When I was asked to write a few devotional paragraphs for the FPC newsletter, the topic that I felt most strongly in my heart was guidance. Guidance is probably on my mind because I have been praying that God would guide me concerning the possibility of accepting a call to your congregation. But most importantly, what exactly is God guiding us or calling us to do in the rest of our lives?
Guidance is a very Biblical theme. It involves God’s love for us, God’s desire for us, prayer, listening, our own free will, and maybe most essential, God’s providence (which I have heard best described as God providing for us).

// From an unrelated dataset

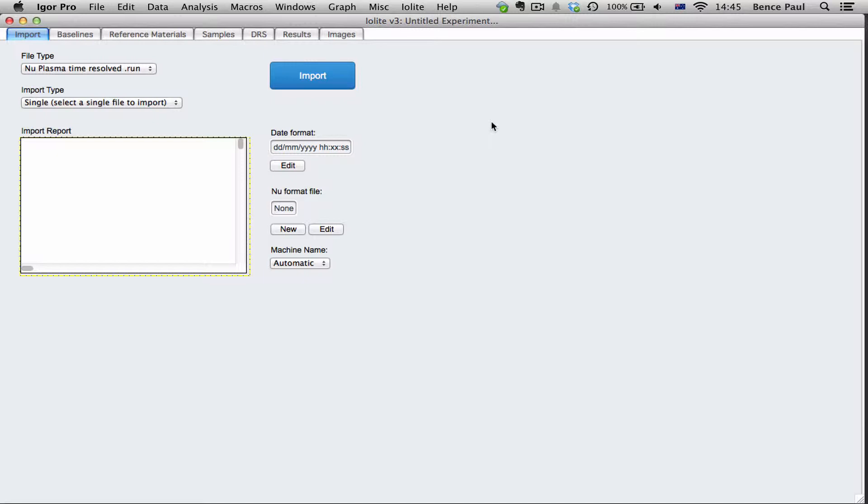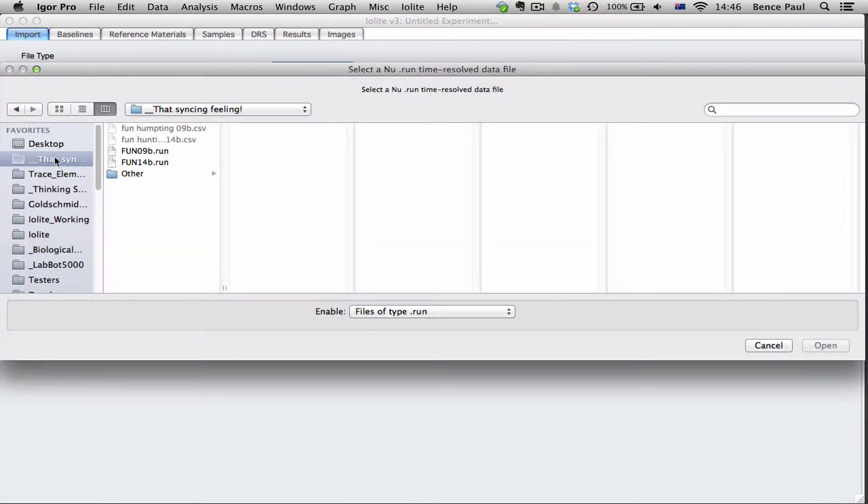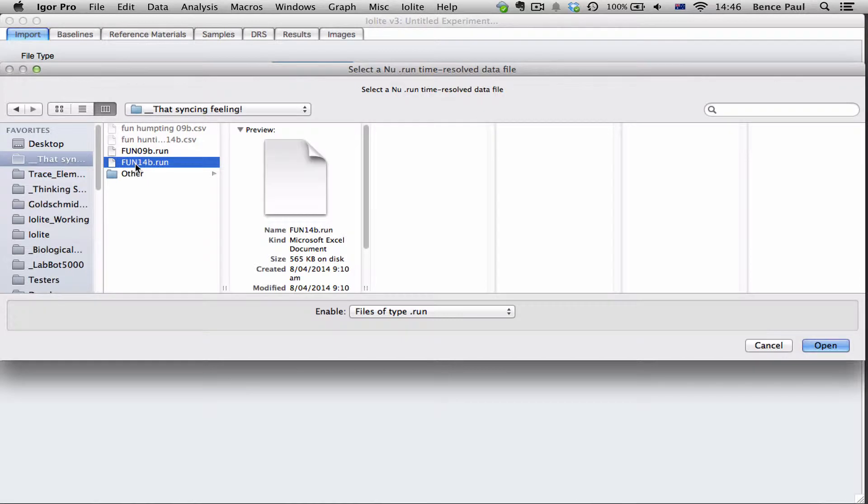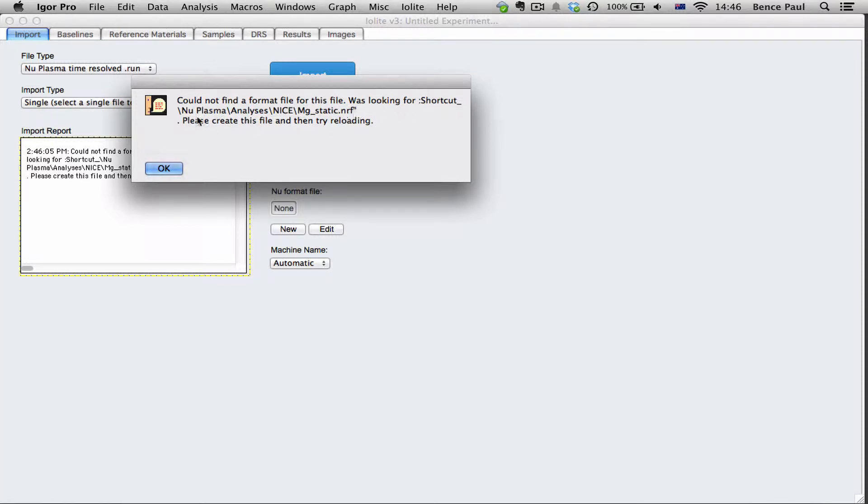So let's see what happens if you try to import a .run file before creating your format file. I'm just going to load up a .run file and we can see that it says could not find the format file for this file. It's looking for this particular one. Please create this file and then try reloading.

Abraham certainly relied on God’s guidance, in more ways than one. Matthew, Mark, and Luke record Jesus praying for guidance in Gethsemane. The entire book of Numbers reminds us that God is our guide (admittedly, it’s not the most compelling read). In the scriptures God and Jesus are frequently referred to as shepherds for humanity. A shepherd, if nothing else, most assuredly provides guidance and safety for the flock. In Psalm 32 we are reminded that God will instruct us and teach us the way we should go, that God will counsel us with God’s eye upon us. In the Old Testament there are nine separate Hebrew terms for guidance, and in the New Testament scriptures there are three Greek terms.
Guidance is seemingly everywhere in the Bible, but there still remains a problem. Guidance from God can be a difficult thing to feel and to interpret. It can be difficult to understand. If you are like me you have never heard God’s voice spoken out loud to you. I do not have clear dreams of knowing what God is guiding me to do. But perhaps you have felt God’s guidance in some other way. Perhaps you have had that stirring deep in your heart, and known that God was somehow speaking to you. Perhaps you have gained wisdom from a friend, and known that God was leading you or guiding you through that person.

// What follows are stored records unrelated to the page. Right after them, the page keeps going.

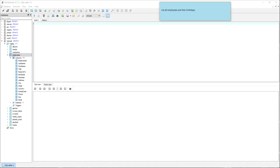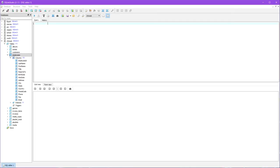In this video I'm going to model the thinking behind writing a simple SQL query. The request is to list all employees and their birthdays.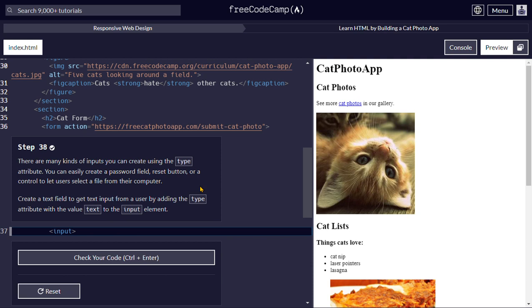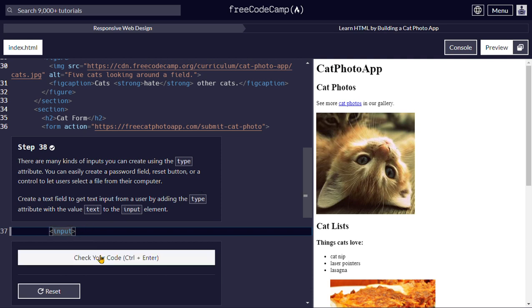Create a text field to get text input from a user by adding a type attribute with the value text to the input element.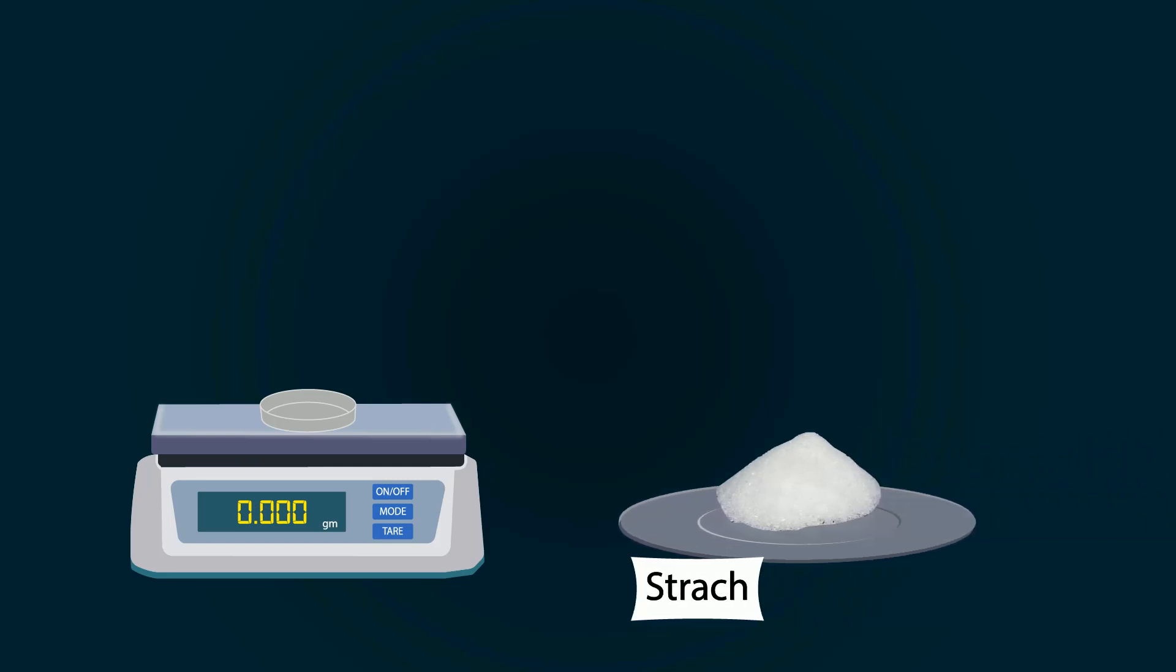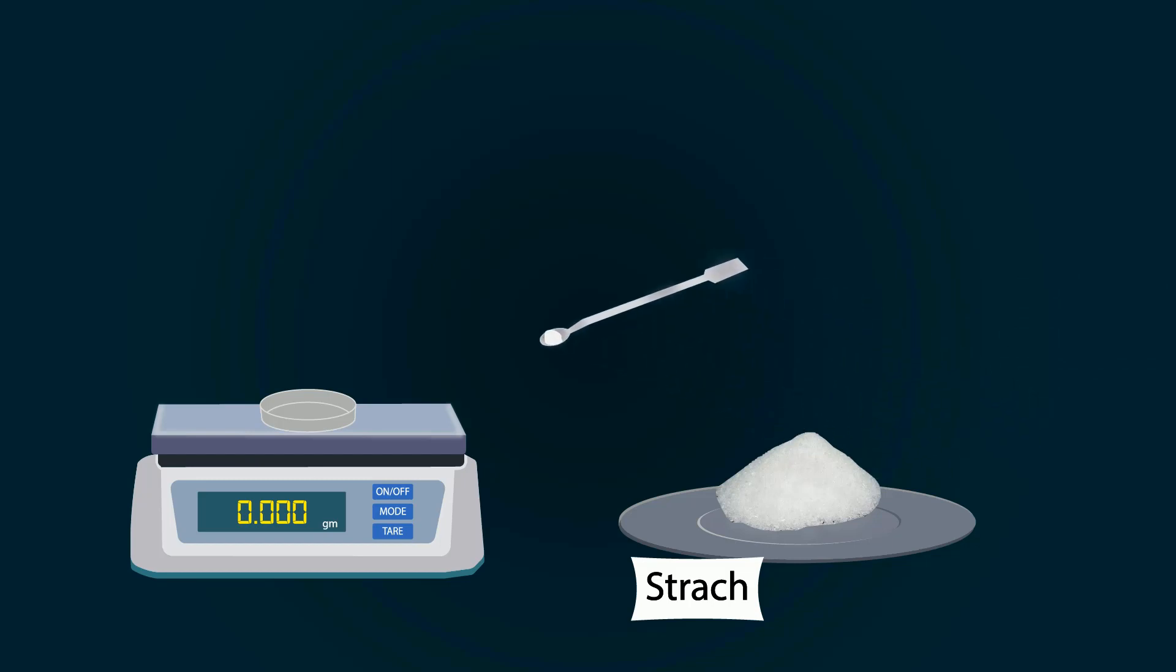Now take starch chemical from stock bottle. You can put starch into the petri dish with the help of spatula. Weigh precisely up to 1 gram.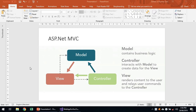In this video we will be using models, creating a model, passing a model from controller to view, and posting data using a view. We will create a model object and then send it to the controller.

Guidance sometimes seems hard to come by in our world. How do we seek out God’s guidance in our lives today? I spend a significant amount of time praying for guidance, and subsequently giving thanks for guidance. When we pray, do we spend as much time listening as we do appealing? May we be reminded that if we don’t always know what God may be guiding us to do, whatever we do should be done in the interest of loving the people and the world around us.